The exercise calls for a faithful copy of all the data.

BEGIN Data to examine

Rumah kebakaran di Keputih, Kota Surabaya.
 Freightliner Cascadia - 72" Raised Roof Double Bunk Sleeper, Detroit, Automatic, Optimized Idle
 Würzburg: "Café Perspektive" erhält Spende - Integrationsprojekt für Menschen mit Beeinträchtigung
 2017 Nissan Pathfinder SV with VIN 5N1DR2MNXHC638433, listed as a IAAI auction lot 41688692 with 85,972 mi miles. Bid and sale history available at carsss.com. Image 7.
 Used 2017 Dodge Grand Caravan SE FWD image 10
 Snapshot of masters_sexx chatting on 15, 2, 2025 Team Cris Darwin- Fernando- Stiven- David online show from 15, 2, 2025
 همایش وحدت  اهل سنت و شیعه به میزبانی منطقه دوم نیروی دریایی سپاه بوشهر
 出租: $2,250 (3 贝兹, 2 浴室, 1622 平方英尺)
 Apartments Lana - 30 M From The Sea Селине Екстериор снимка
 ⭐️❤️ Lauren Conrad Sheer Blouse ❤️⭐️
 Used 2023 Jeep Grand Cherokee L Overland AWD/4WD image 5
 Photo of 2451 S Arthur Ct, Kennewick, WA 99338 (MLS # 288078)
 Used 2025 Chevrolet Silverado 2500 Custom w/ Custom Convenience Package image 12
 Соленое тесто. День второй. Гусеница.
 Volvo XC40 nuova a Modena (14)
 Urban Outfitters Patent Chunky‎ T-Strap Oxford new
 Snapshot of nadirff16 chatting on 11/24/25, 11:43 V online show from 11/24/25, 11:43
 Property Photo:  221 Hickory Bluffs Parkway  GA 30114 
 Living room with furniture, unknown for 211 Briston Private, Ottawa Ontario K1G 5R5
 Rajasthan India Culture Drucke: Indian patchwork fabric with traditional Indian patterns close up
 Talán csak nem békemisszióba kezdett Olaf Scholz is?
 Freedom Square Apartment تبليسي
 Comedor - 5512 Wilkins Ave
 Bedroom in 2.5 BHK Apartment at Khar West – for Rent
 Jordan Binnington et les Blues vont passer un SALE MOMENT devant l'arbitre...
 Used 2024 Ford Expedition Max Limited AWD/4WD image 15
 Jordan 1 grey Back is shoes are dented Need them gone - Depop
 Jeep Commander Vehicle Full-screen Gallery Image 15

END Data to examine

→ Output for this task:
Rumah kebakaran di Keputih, Kota Surabaya.
 Freightliner Cascadia - 72" Raised Roof Double Bunk Sleeper, Detroit, Automatic, Optimized Idle
 Würzburg: "Café Perspektive" erhält Spende - Integrationsprojekt für Menschen mit Beeinträchtigung
 2017 Nissan Pathfinder SV with VIN 5N1DR2MNXHC638433, listed as a IAAI auction lot 41688692 with 85,972 mi miles. Bid and sale history available at carsss.com. Image 7.
 Used 2017 Dodge Grand Caravan SE FWD image 10
 Snapshot of masters_sexx chatting on 15, 2, 2025 Team Cris Darwin- Fernando- Stiven- David online show from 15, 2, 2025
 همایش وحدت  اهل سنت و شیعه به میزبانی منطقه دوم نیروی دریایی سپاه بوشهر
 出租: $2,250 (3 贝兹, 2 浴室, 1622 平方英尺)
 Apartments Lana - 30 M From The Sea Селине Екстериор снимка
 ⭐️❤️ Lauren Conrad Sheer Blouse ❤️⭐️
 Used 2023 Jeep Grand Cherokee L Overland AWD/4WD image 5
 Photo of 2451 S Arthur Ct, Kennewick, WA 99338 (MLS # 288078)
 Used 2025 Chevrolet Silverado 2500 Custom w/ Custom Convenience Package image 12
 Соленое тесто. День второй. Гусеница.
 Volvo XC40 nuova a Modena (14)
 Urban Outfitters Patent Chunky‎ T-Strap Oxford new
 Snapshot of nadirff16 chatting on 11/24/25, 11:43 V online show from 11/24/25, 11:43
 Property Photo:  221 Hickory Bluffs Parkway  GA 30114 
 Living room with furniture, unknown for 211 Briston Private, Ottawa Ontario K1G 5R5
 Rajasthan India Culture Drucke: Indian patchwork fabric with traditional Indian patterns close up
 Talán csak nem békemisszióba kezdett Olaf Scholz is?
 Freedom Square Apartment تبليسي
 Comedor - 5512 Wilkins Ave
 Bedroom in 2.5 BHK Apartment at Khar West – for Rent
 Jordan Binnington et les Blues vont passer un SALE MOMENT devant l'arbitre...
 Used 2024 Ford Expedition Max Limited AWD/4WD image 15
 Jordan 1 grey Back is shoes are dented Need them gone - Depop
 Jeep Commander Vehicle Full-screen Gallery Image 15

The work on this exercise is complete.